The story she unveils is anchored on a crucial clause included in all contracts forced upon mostly illiterate peasants from Bihar and Uttar Pradesh before being shipped to work in plantations across the seven seas. Under the “right to return” clause, the colonial government would pay for the passage home for the labourer at the end of his indentureship.
According to Mohabir, who will be presenting her research through photographs at a diaspora festival organised by the Indira Gandhi National Centre for Arts this week on the sidelines of the Pravasi Bharatiya Divas here Jan 8-9, only one in four Indians who went to the colonies to work in plantations returned home.
But the advent of Indian independence suddenly spurred the labourers, even those who had lived there for over 60 years and had grandchildren, to clamour to be returned back to the motherland, their visions tinted with the glorious ideal of being part of a new Indian republic.
“The freedom movement and subsequent independence (of India) had fired the imagination. There were protests in Trinidad and threats of mass suicide in Jamaica over demands to return back home,” Mohabir told IANS.
Only the government in British Guyana acquiesced and chartered a ship to take back a thousand passengers. “But the Indian government pasted posters around the city discouraging people to return,” she said.
On that September day 53 years ago, it seemed the entire country had come to see off 243 passengers aboard M.V. Resurgent on Sproston’s No 1 Wharf in Georgetown. The next day’s paper summed it in a poignant headline – “Going Home. to a home they never saw”.
The reference was to the fact that that the majority of the returnees were going back with family, many of them having been born in the South American colony and only knew of India from oral tales and newsreels.
The ship’s manifest lists the name and the home village, which was a vital clue for Mohabir to trace the descendants.
It was through that method that she stumbled across the only passenger of the ship that she could find alive – Naresh, who had travelled on Resurgent as a 12-year-old along with 19 other family members.
“His father had sold off their entire business to return to India. But, as soon as the ship docked at the port at Calcutta (after one month), Naresh’s family realised that they had made a grave mistake,” said Mohabir.
Calcutta was a strange city, already bursting at the seams with refugees from East Pakistan and swirling with chaos due to the festival season. Mohabir remembers that her grandfather, Chhablal Ramcharan, who travelled with Resurgent’s passengers as the Guyanese repatriation officer, telling her of the day after the arrival when he was besieged at the hotel room with mob of 40 passengers.
“They were crying and pleading with him that they wanted to return back.
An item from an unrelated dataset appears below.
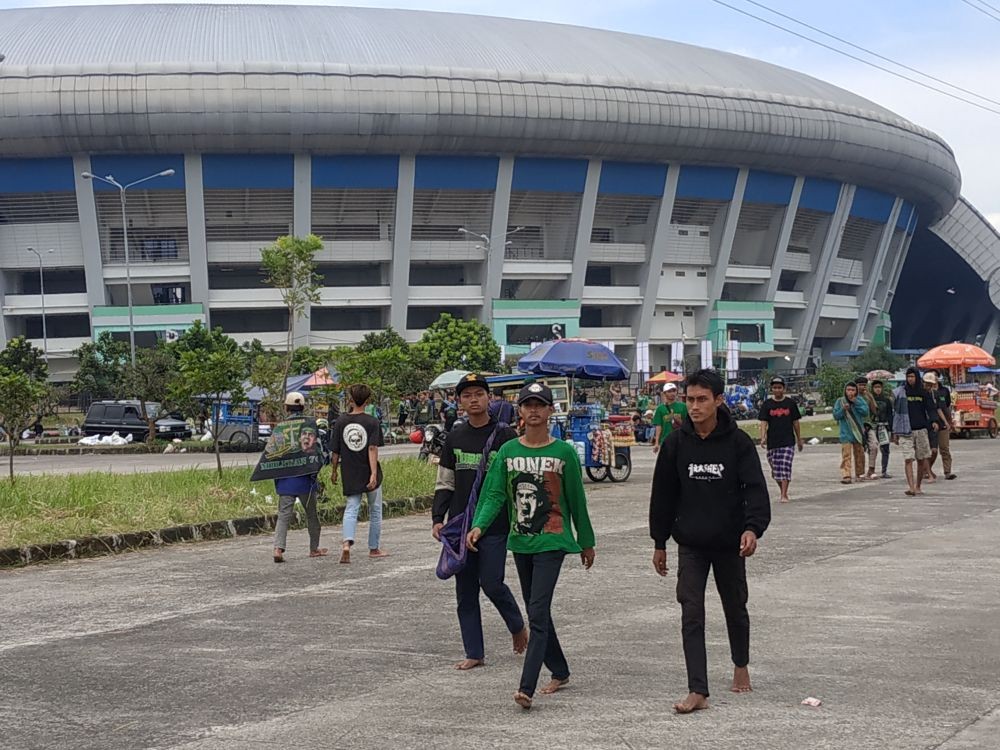 Ratusan Bonek Tidur di Sekitar Stadion GBLA Jelang Persib vs Persebaya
But, what could he do when the passage was only for one way,” she said.
Her grandfather also told her that many of the passengers who couldn’t remember their home villages were put up in a charity shelter called The Refuge.
That organisation still stands at Bow Bazaar, from whose dusty ledgers she was able to find another link to the ship. “I talked to some of the old inmates who remembered a mother and daughter who were not from Calcutta”. Crosschecking the files of the old age home and the ship manifest yielded two names – Manraji (in her 50s) and her daughter, Biphia.
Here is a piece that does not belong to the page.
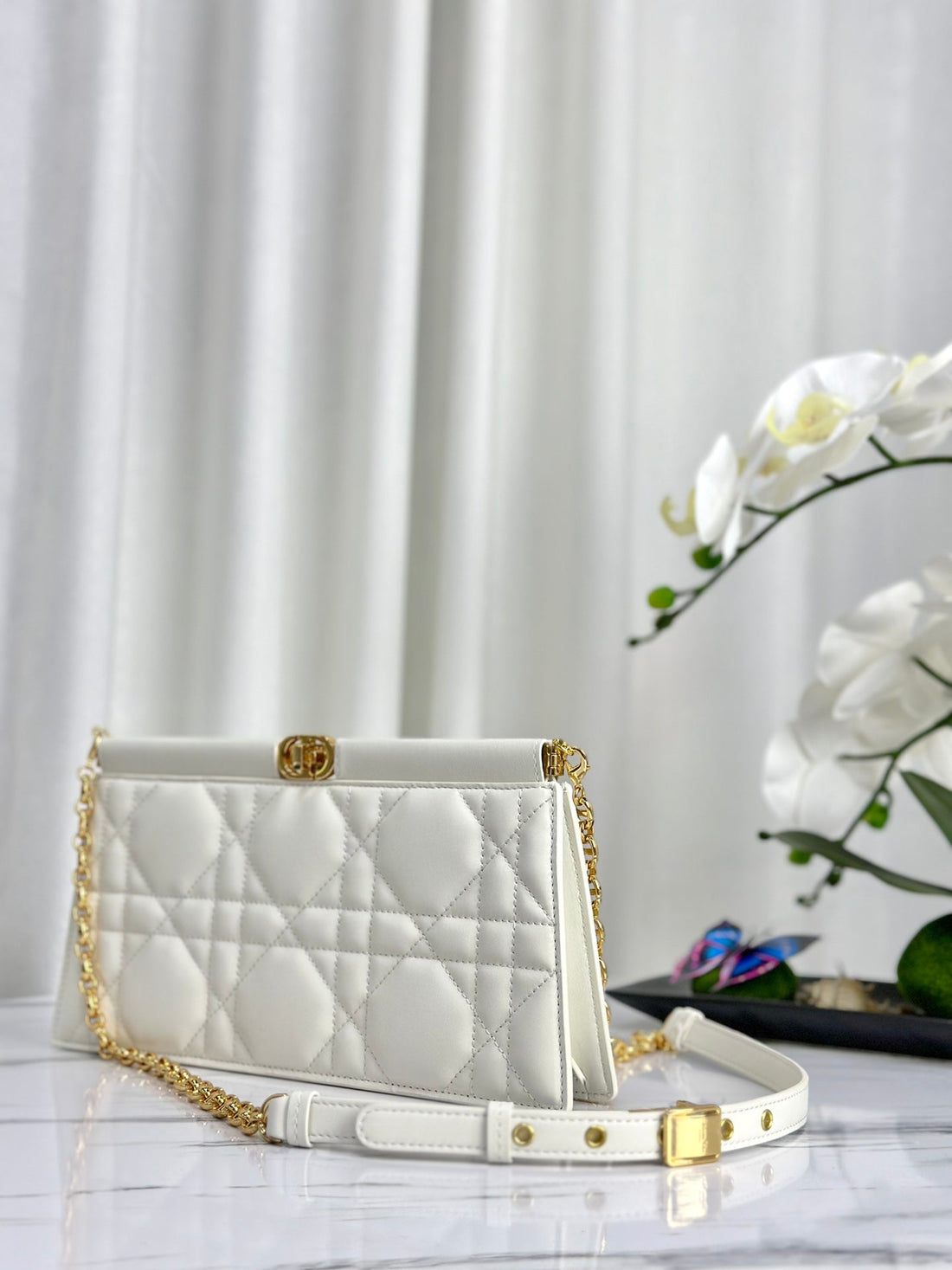 CHAIN CLUTCH 27 BAG IN WHITE LAMBSKIN By Luxe Carry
“A son, who had travelled with them, was not listed. Strangely, they apparently never went to their village in Gorakhpur and stayed rest of their lives at the Home. Manraji died sometime in the 1970s, while her daughter was alive till the 1990s,” said Mohabir.
She found another missing link in Uttar Pradesh during her visit in the summer of 2007 – in Amrora village in Azamgarh district was the grandson of another passenger, Sant Sewak. “Interestingly, he did return to his village but went back to Guyana. The grandson showed me the letters and a will that they had preserved, complete with the Guyanese postage stamp.”
She came across other stories of other returnees, who unable to cope with an independent India that had changed drastically after 1947 wanted to go back but could not afford the journey back to the colonies.
“Their stories are not about India making them unhappy, but the misery that displacement causes,” said Mohabir.